**EXERCISE**:
Should an entry include a picture, omit the picture and still repeat everything else exactly.

● ● ● ●

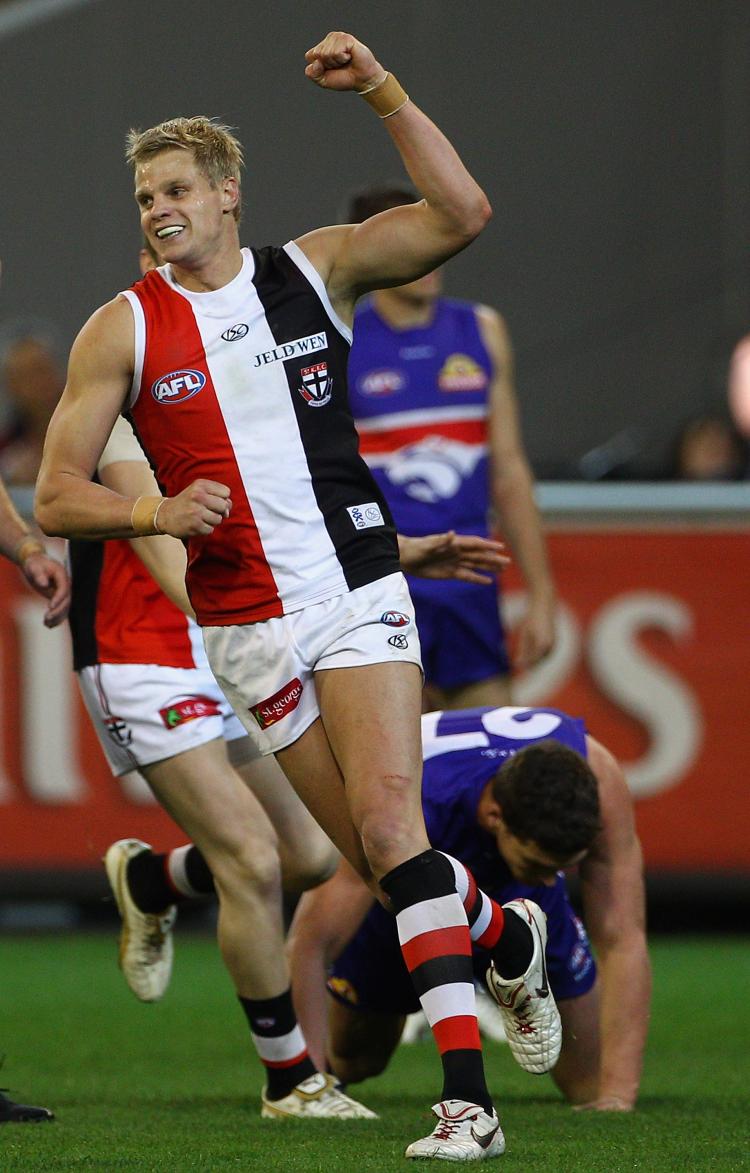 Nick Riewoldt of the Saints celebrates kicking a goal during the Seecond AFL Preliminary Final match between the St Kilda Saints and the Western Bulldogs at Melbourne Cricket Ground on Sept. 18 in Melbourne. (Quinn Rooney/Getty Images) Nick Riewoldt of the Saints celebrates kicking a goal during the Seecond AFL Preliminary Final match between the St Kilda Saints and the Western Bulldogs at Melbourne Cricket Ground on Sept. 18 in Melbourne. (Quinn Rooney/Getty Images)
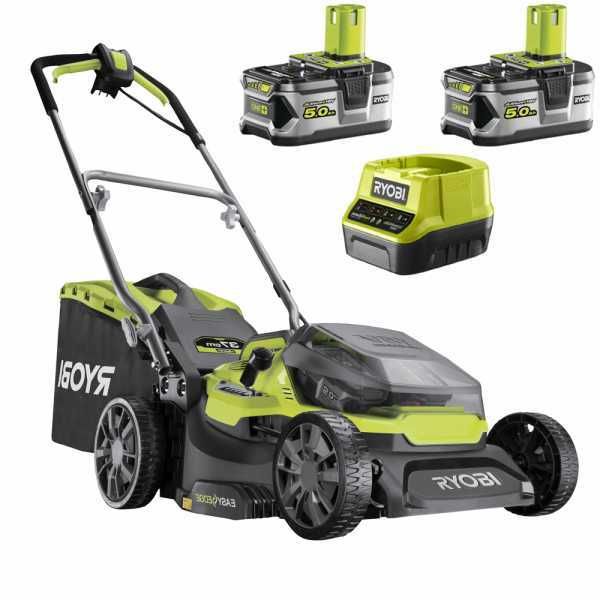 Ryobi Hybrid RY18LMH37A-250 - Akku Rasenmäher - 2x18V/5Ah - 37 cm Schnittbreite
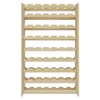 A wooden wine rack with multiple shelves and compartments for bottles, shown against a white background. Produktbild-Vorschau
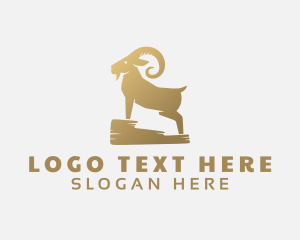 Ram - Golden Mountain Goat logo design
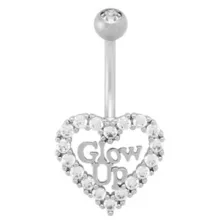 Kayla Malecc Titanium CZ Glow Up Heart Dangle Belly Ring - 14 Gauge at Spencer's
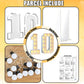 4Ft Light Up Numbers 10 Mosaic Numbers Marquee Frame For 10Th Birthday Party Large Cardboard With Light Bulbs Pre-Cut Kit Giant Cut-Out Thick Foam Board Sign Diy Boys Girls Decorations Anniversary
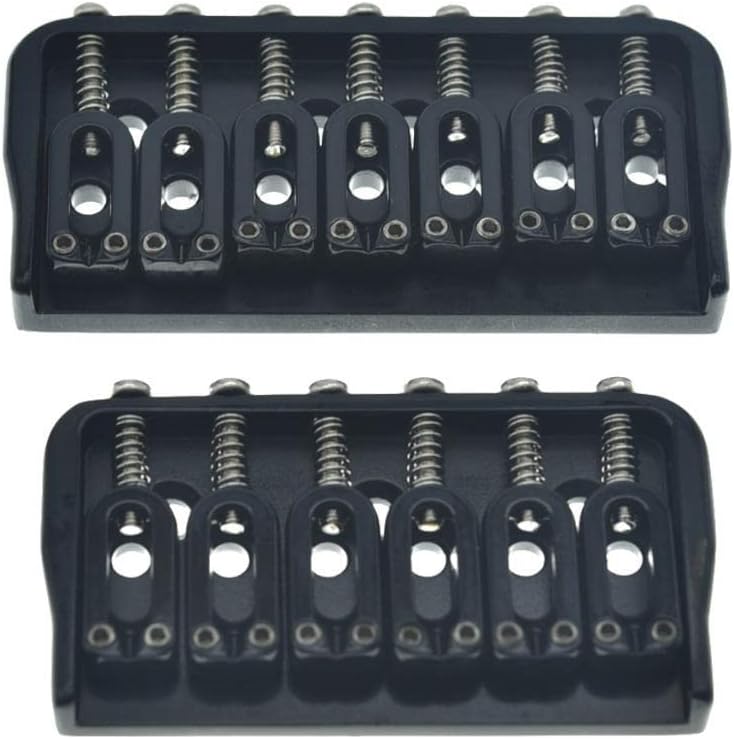 KAISH Black 7 String Guitar Fixed Bridge Electric Guitar Hardtail Bridge for Strat/Tele Guitars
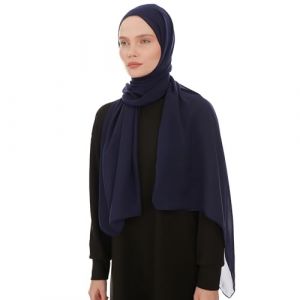 Hijab En Mousseline Pour Femme - Hijab Femme Musulmane Voile Bleu Marin - &Eacute;charpe L&eacute;g&egrave;re Pour Dames - Foulards Islamiques Modernes En Mousseline Pour Dames - Ch&acirc;le Pour Robe De Pri&egrave;re (Bleu Marin) (ShawlFactory, neuf)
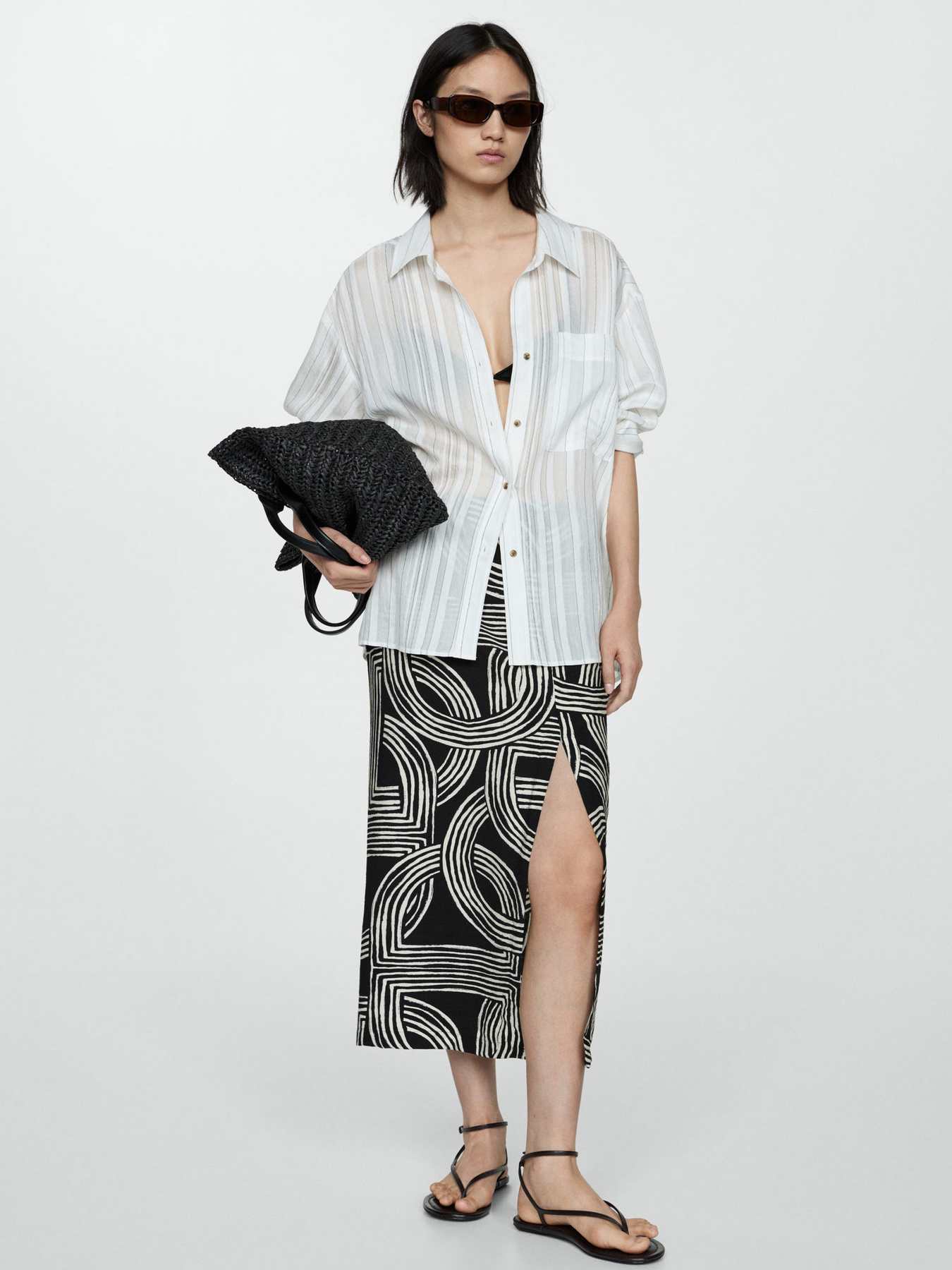 Юбка миди MANGO Hawai модель 77040349_99 Фото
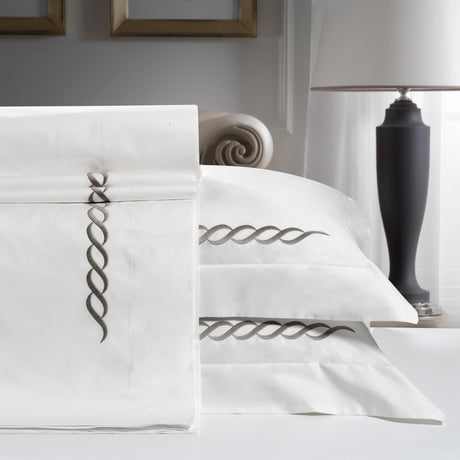 Completo Lenzuola in Percalle di Cotone con greca ricamata - Athene Lenzuola Dea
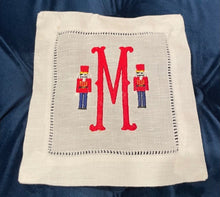Load image into Gallery viewer, Nutcracker Monogram Embroidered Cocktail Napkins (set of four)
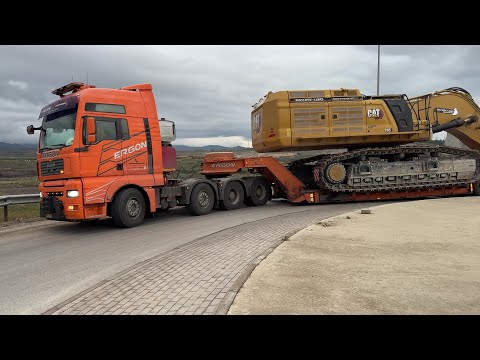 Loading & Transporting The Caterpillar 395 Excavator & Atlas Copco L6 - Sotiriadis- Labrianidis - 4k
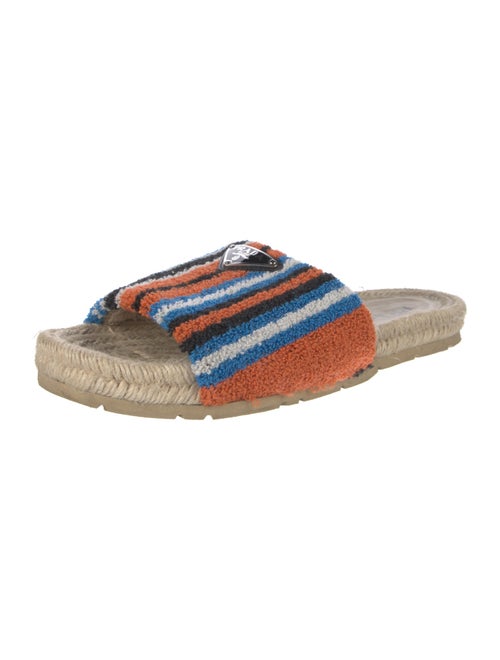 Prada Enameled Metal Triangle Terry Cloth Espadrilles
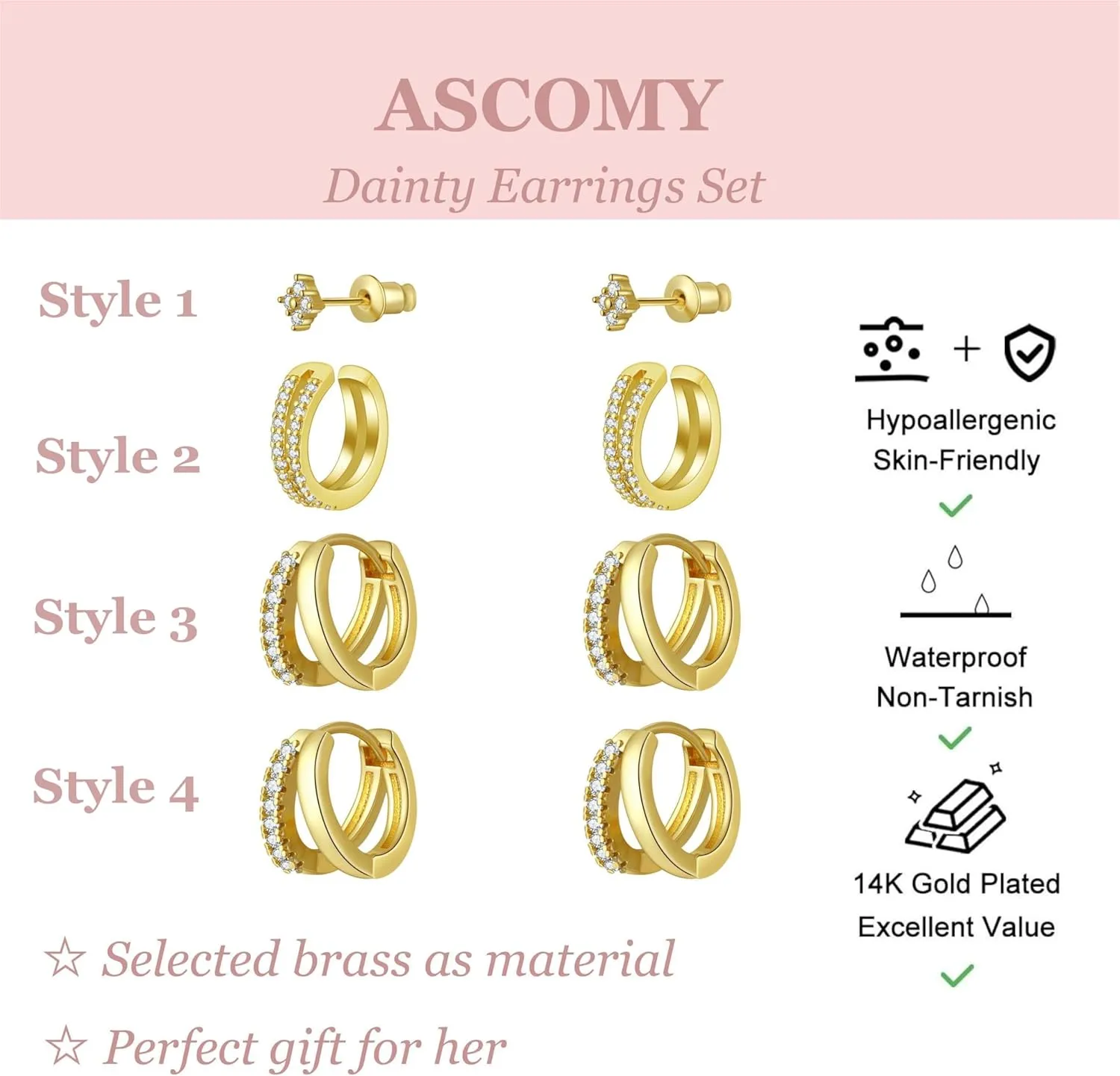 ASCOMY Gold Earrings for Women Dainty Hoop Earrings Set 14K Gold/Silver Plated 3 Pairs Huggie Hoops Cubic Zirconia Earring CZ Stud Chunky Open Hoop Earring Trendy Jewelry Gifts for Women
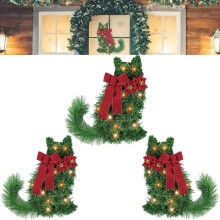 Cat Christmas Wreath Pre-lit Green with LED Lights Red Bow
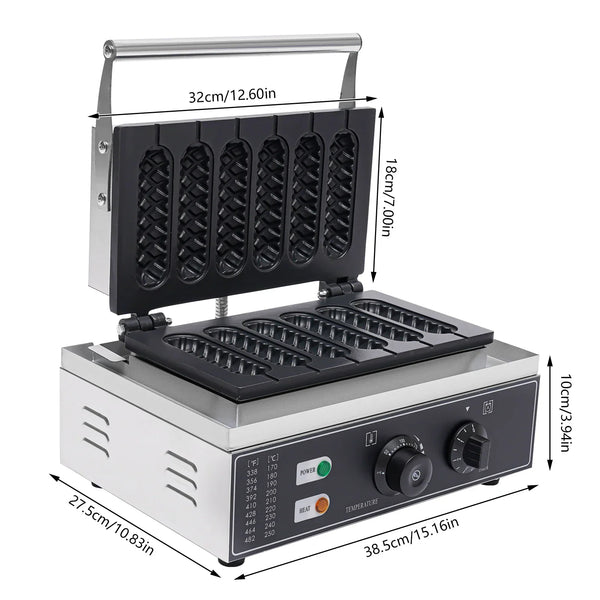 1500W Hot Dog & Waffle Maker – 6 Molds with Temp & Timer Control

● ● ● ●

**EXPECTED OUTPUT**:
 Nick Riewoldt of the Saints celebrates kicking a goal during the Seecond AFL Preliminary Final match between the St Kilda Saints and the Western Bulldogs at Melbourne Cricket Ground on Sept. 18 in Melbourne. (Quinn Rooney/Getty Images) Nick Riewoldt of the Saints celebrates kicking a goal during the Seecond AFL Preliminary Final match between the St Kilda Saints and the Western Bulldogs at Melbourne Cricket Ground on Sept. 18 in Melbourne. (Quinn Rooney/Getty Images)
 Ryobi Hybrid RY18LMH37A-250 - Akku Rasenmäher - 2x18V/5Ah - 37 cm Schnittbreite
 A wooden wine rack with multiple shelves and compartments for bottles, shown against a white background. Produktbild-Vorschau
 Ram - Golden Mountain Goat logo design
 Kayla Malecc Titanium CZ Glow Up Heart Dangle Belly Ring - 14 Gauge at Spencer's
 4Ft Light Up Numbers 10 Mosaic Numbers Marquee Frame For 10Th Birthday Party Large Cardboard With Light Bulbs Pre-Cut Kit Giant Cut-Out Thick Foam Board Sign Diy Boys Girls Decorations Anniversary
 KAISH Black 7 String Guitar Fixed Bridge Electric Guitar Hardtail Bridge for Strat/Tele Guitars
 Hijab En Mousseline Pour Femme - Hijab Femme Musulmane Voile Bleu Marin - &Eacute;charpe L&eacute;g&egrave;re Pour Dames - Foulards Islamiques Modernes En Mousseline Pour Dames - Ch&acirc;le Pour Robe De Pri&egrave;re (Bleu Marin) (ShawlFactory, neuf)
 Юбка миди MANGO Hawai модель 77040349_99 Фото
 Completo Lenzuola in Percalle di Cotone con greca ricamata - Athene Lenzuola Dea
Load image into Gallery viewer, Nutcracker Monogram Embroidered Cocktail Napkins (set of four)
 Loading & Transporting The Caterpillar 395 Excavator & Atlas Copco L6 - Sotiriadis- Labrianidis - 4k
 Prada Enameled Metal Triangle Terry Cloth Espadrilles
 ASCOMY Gold Earrings for Women Dainty Hoop Earrings Set 14K Gold/Silver Plated 3 Pairs Huggie Hoops Cubic Zirconia Earring CZ Stud Chunky Open Hoop Earring Trendy Jewelry Gifts for Women
 Cat Christmas Wreath Pre-lit Green with LED Lights Red Bow
 1500W Hot Dog & Waffle Maker – 6 Molds with Temp & Timer Control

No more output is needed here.